Ratings before 2010 did not serve as a leading indicator of debt and growth risks but there is some evidence that ratings are now more sensitive to institutional factors and economic fundamentals, the authors said in a paper that does not necessarily reflect the ECB’s views.
Some regulators and policymakers questioned the judgment of rating agencies for giving top-notch credit scores to debt that later unraveled, and for failing to properly appreciate the risks in more complex financial instruments.
EU lawmakers implemented new regulations on rating agencies after the crisis but some have called for even more stringent rules.
“While in the pre-sovereign crisis period buoyancy was masking latent vulnerabilities, there appear to have been some learning process by rating agencies since 2010, leading to a swifter adjustment of rating agencies to a move in fundamentals,” the ECB paper, published on Thursday, said.
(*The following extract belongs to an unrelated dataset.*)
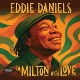 EDDIE DANIELS-TO MILTON WITH LOVE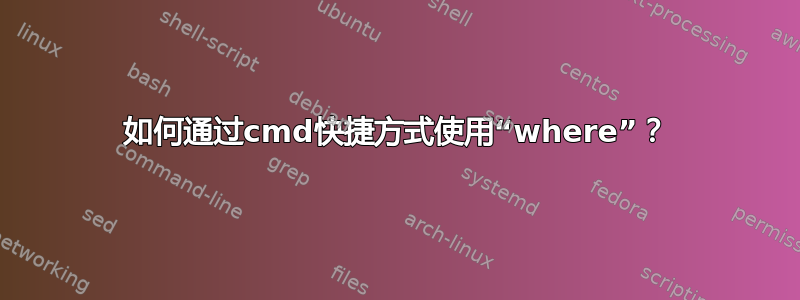 如何通过cmd快捷方式使用“where”？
Rating moves suggest that agencies have attached a higher emphasis to risks stemming from the fiscal dynamics, whereas economic development seemed to have played a stronger role in the pre-crisis period.
“This implies that the current ratings may better reflect the significant vulnerabilities and risks of several euro area countries,” the paper said. “The size of the downgrades observed since the start of the sovereign crisis has been broadly in line with the deterioration of economic fundamentals for most countries.”